*** Opening of Records for processing ***
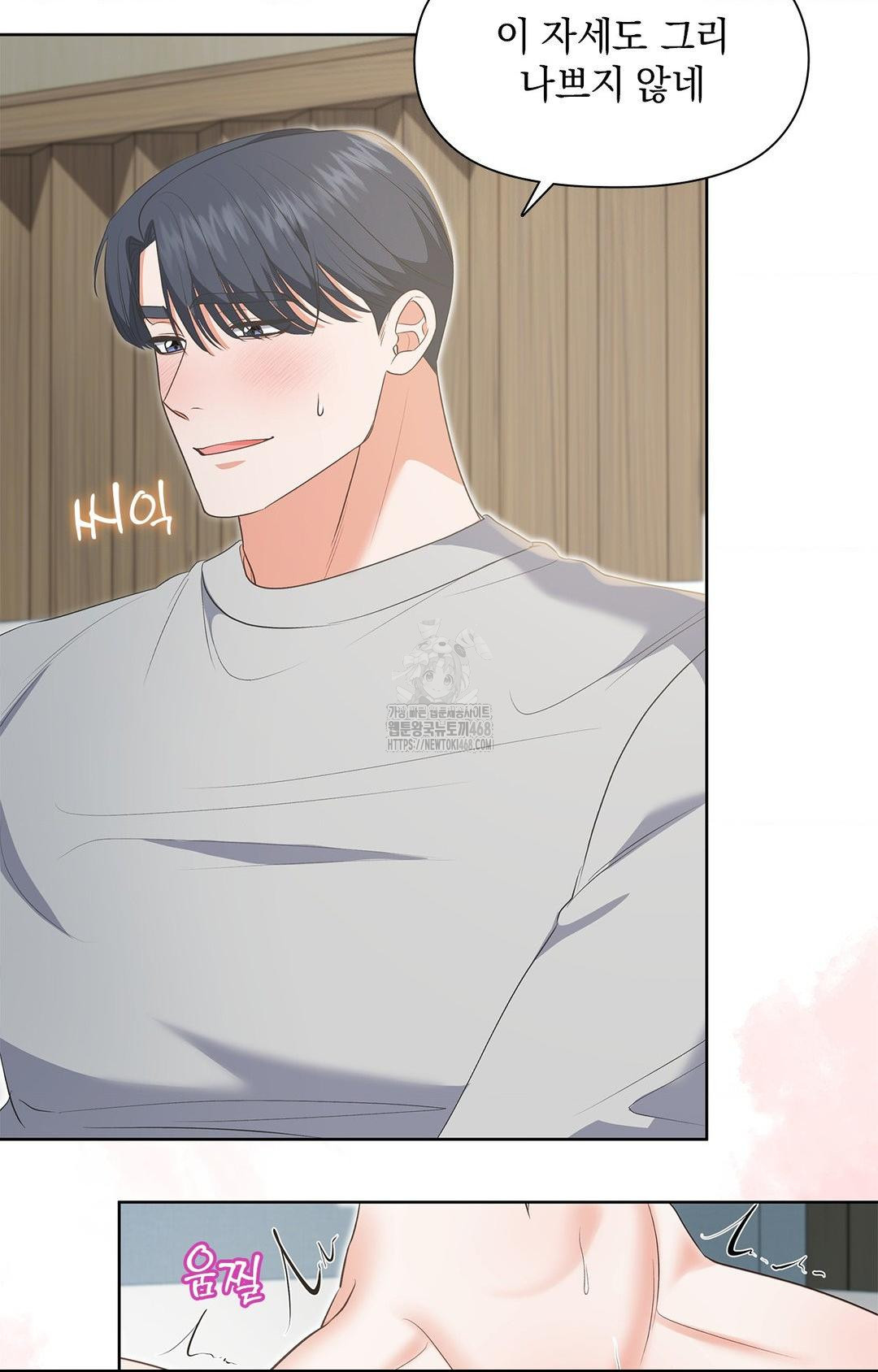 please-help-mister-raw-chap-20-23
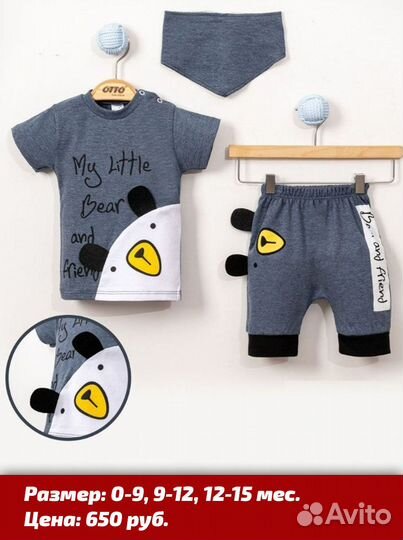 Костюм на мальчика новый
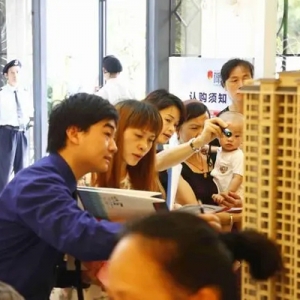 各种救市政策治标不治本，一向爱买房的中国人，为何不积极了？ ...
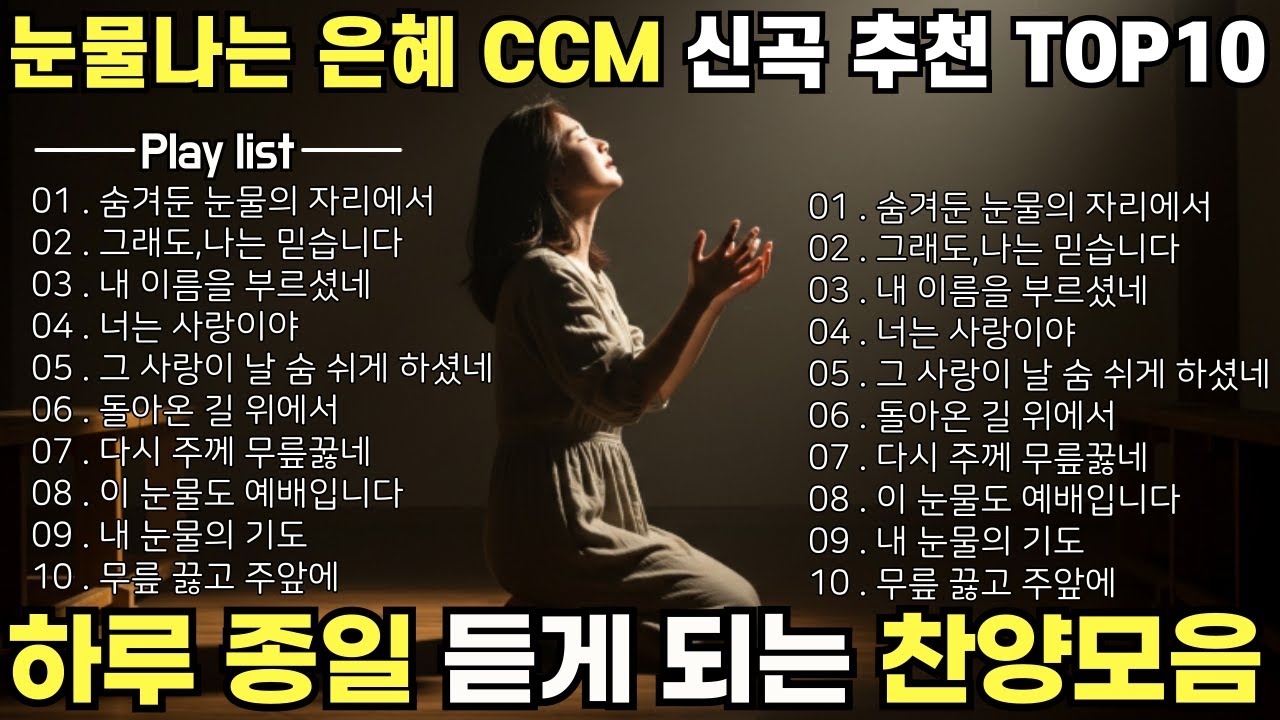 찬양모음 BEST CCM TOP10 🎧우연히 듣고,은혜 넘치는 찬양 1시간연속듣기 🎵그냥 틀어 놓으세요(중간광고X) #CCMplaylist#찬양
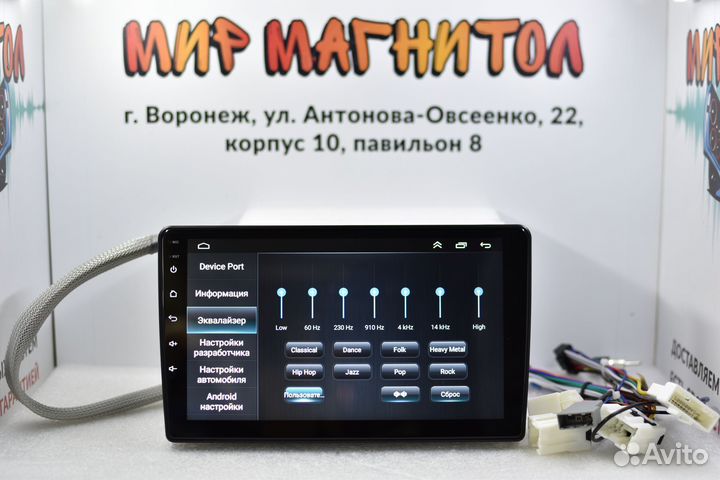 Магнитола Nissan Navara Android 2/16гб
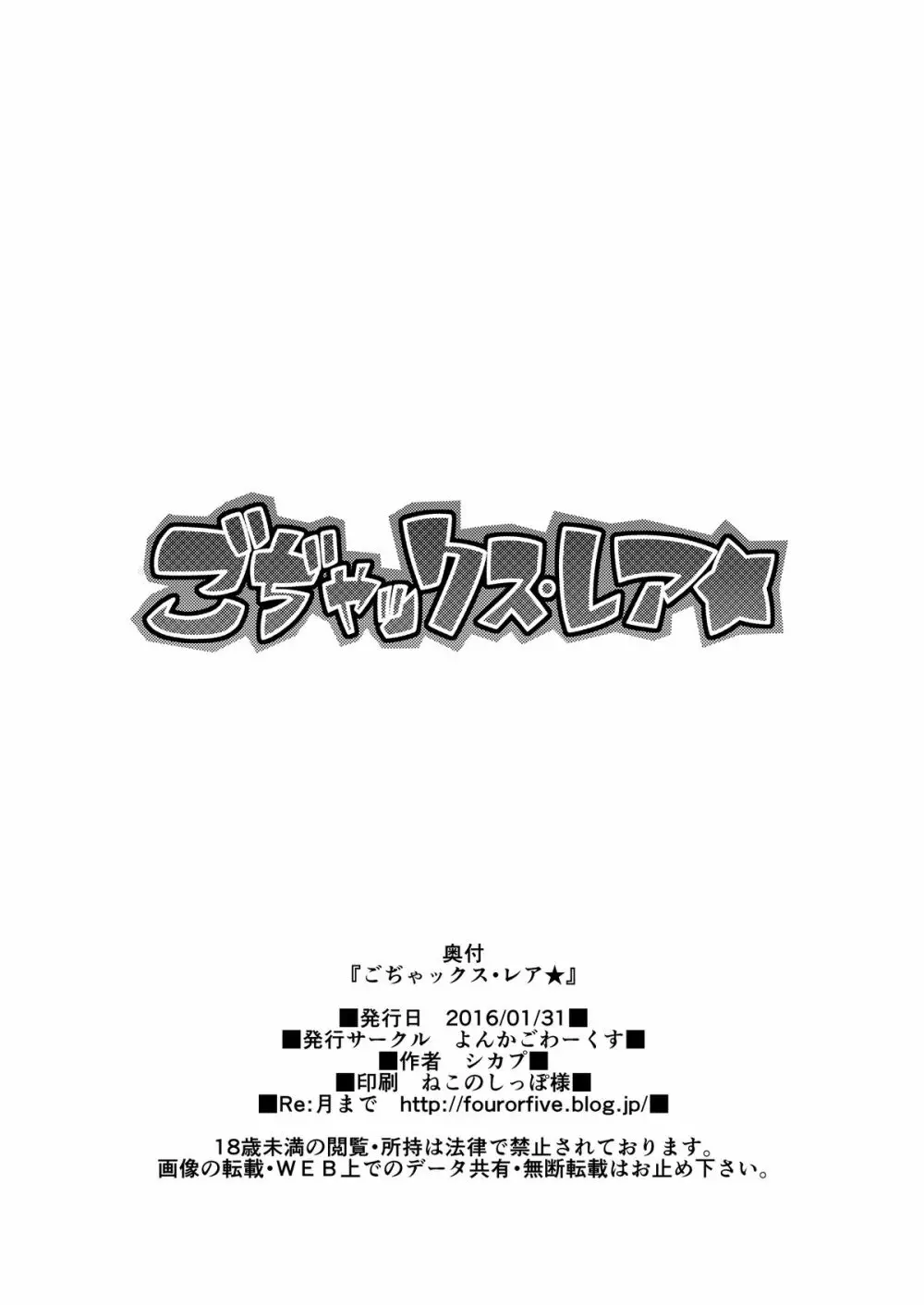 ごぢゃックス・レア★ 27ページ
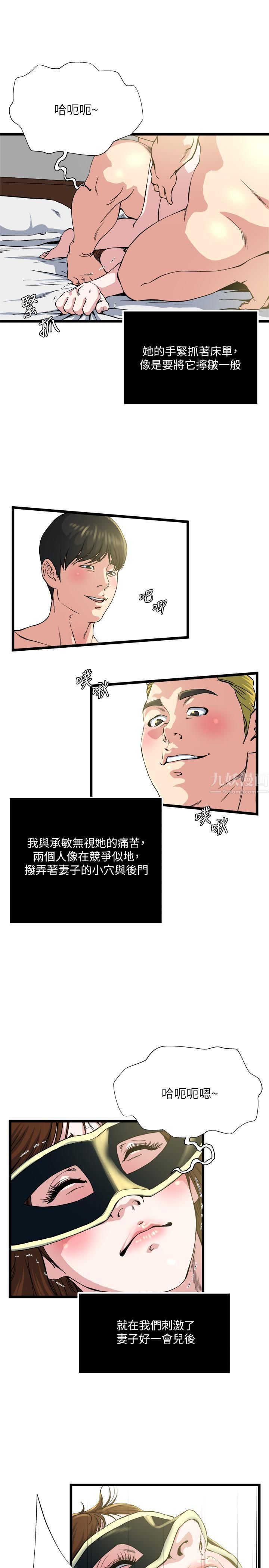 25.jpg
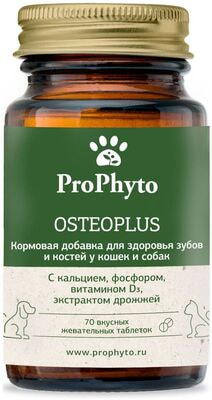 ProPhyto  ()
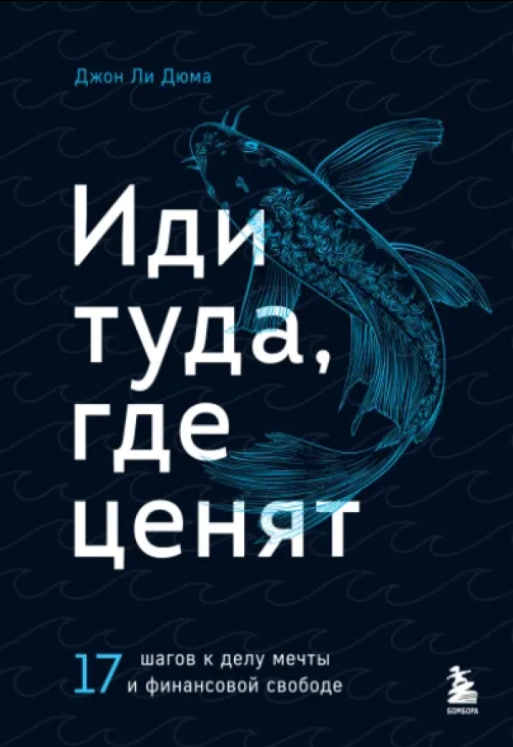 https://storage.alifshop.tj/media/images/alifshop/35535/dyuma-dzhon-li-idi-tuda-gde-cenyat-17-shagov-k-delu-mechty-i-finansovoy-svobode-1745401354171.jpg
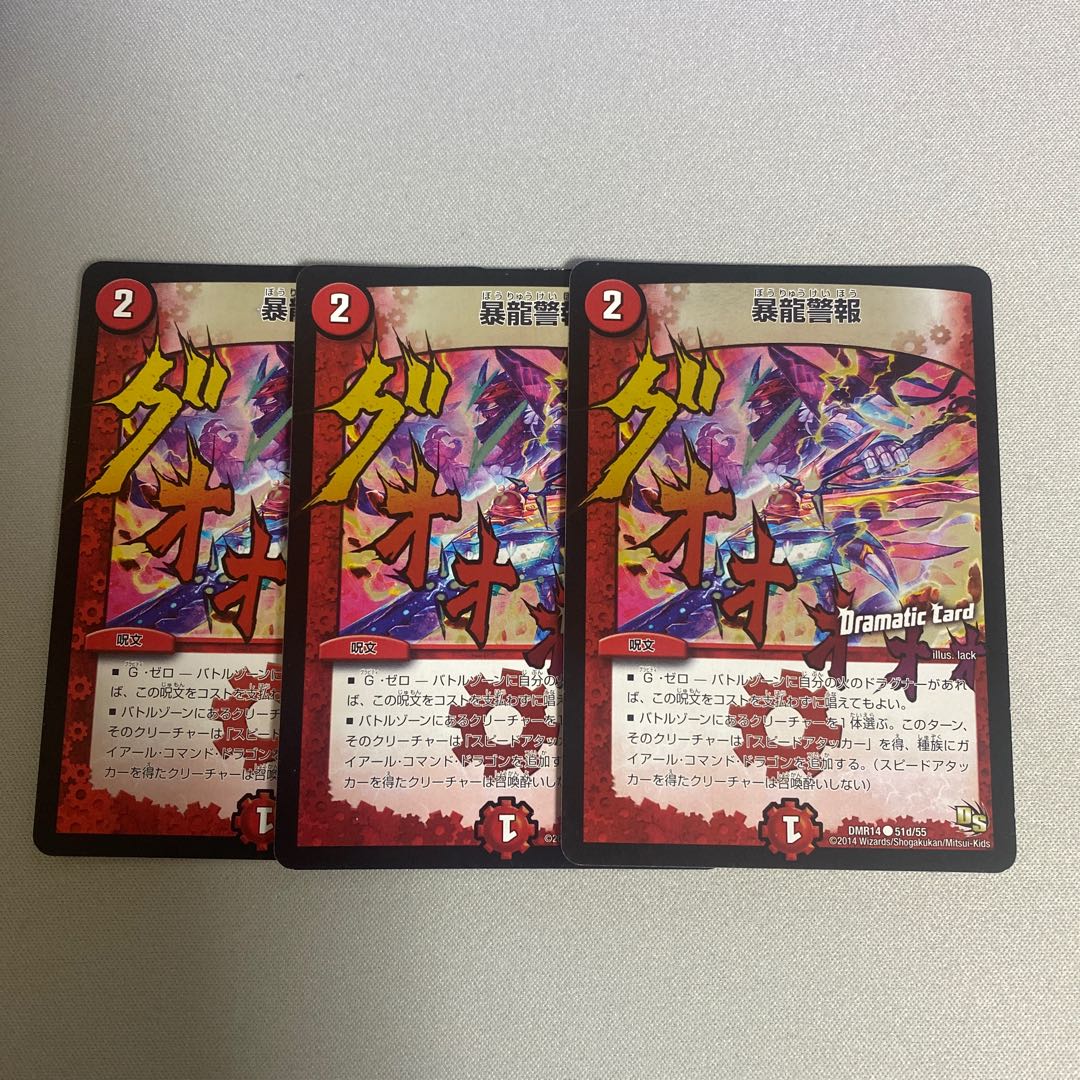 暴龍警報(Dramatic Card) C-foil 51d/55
*** Close of Records for processing ***
* [Problem details] A faithful copy of all the entries is required, pictures excluded.

* [Exercise output]
 please-help-mister-raw-chap-20-23
 Костюм на мальчика новый
 各种救市政策治标不治本，一向爱买房的中国人，为何不积极了？ ...
 찬양모음 BEST CCM TOP10 🎧우연히 듣고,은혜 넘치는 찬양 1시간연속듣기 🎵그냥 틀어 놓으세요(중간광고X) #CCMplaylist#찬양
 Магнитола Nissan Navara Android 2/16гб
 ごぢゃックス・レア★ 27ページ
 25.jpg
 ProPhyto  ()
 https://storage.alifshop.tj/media/images/alifshop/35535/dyuma-dzhon-li-idi-tuda-gde-cenyat-17-shagov-k-delu-mechty-i-finansovoy-svobode-1745401354171.jpg
 暴龍警報(Dramatic Card) C-foil 51d/55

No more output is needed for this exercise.